Data segment
..........

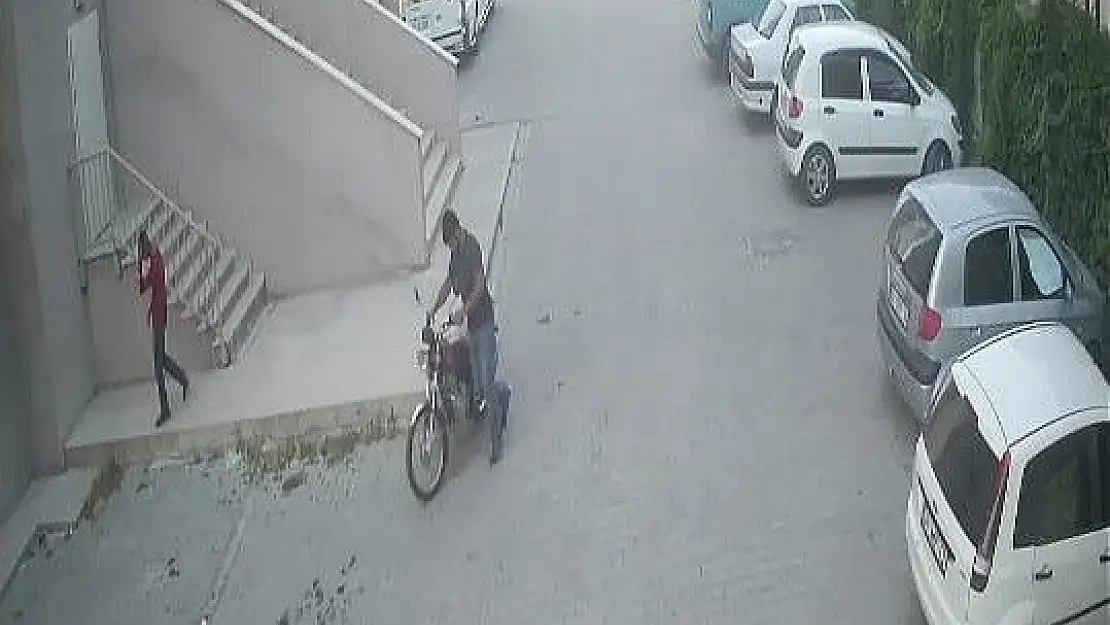 '24 saniyede motosikleti çaldılar'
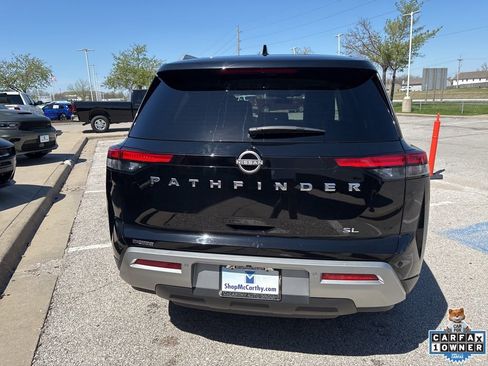 Used 2025 Nissan Pathfinder SL FWD image 23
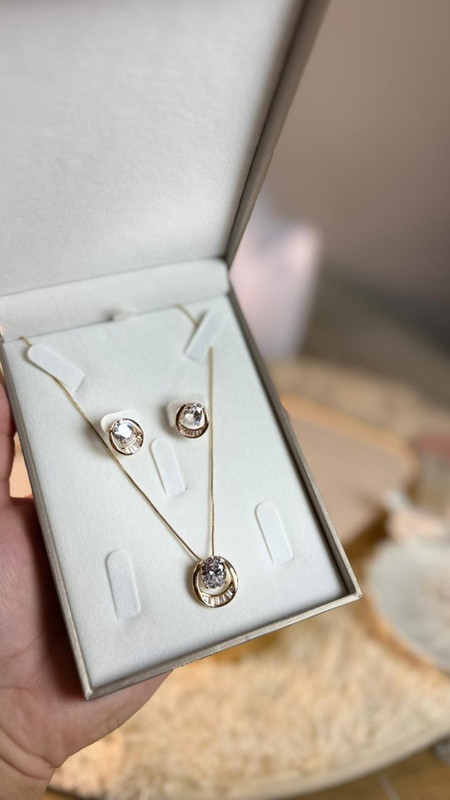 Conjunto Aurora
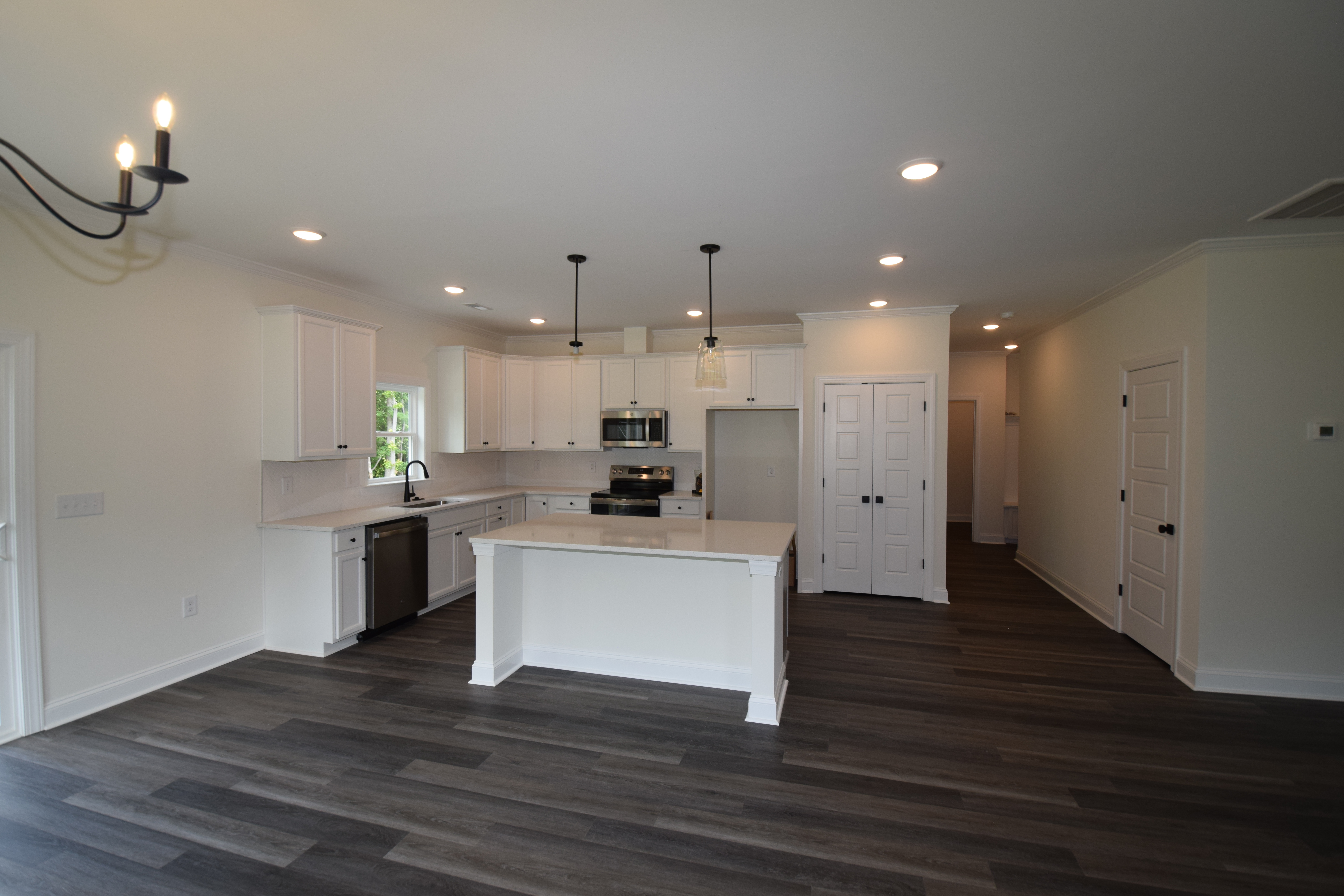 Monroe, North Carolina, 28110, United States, 3 Bedrooms Bedrooms, ,2 BathroomsBathrooms,Residential,For Sale,1888707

..........

Activity
All of the material above should be copied exactly, minus the pictures.

Response
 '24 saniyede motosikleti çaldılar'
 Used 2025 Nissan Pathfinder SL FWD image 23
 Conjunto Aurora
 Monroe, North Carolina, 28110, United States, 3 Bedrooms Bedrooms, ,2 BathroomsBathrooms,Residential,For Sale,1888707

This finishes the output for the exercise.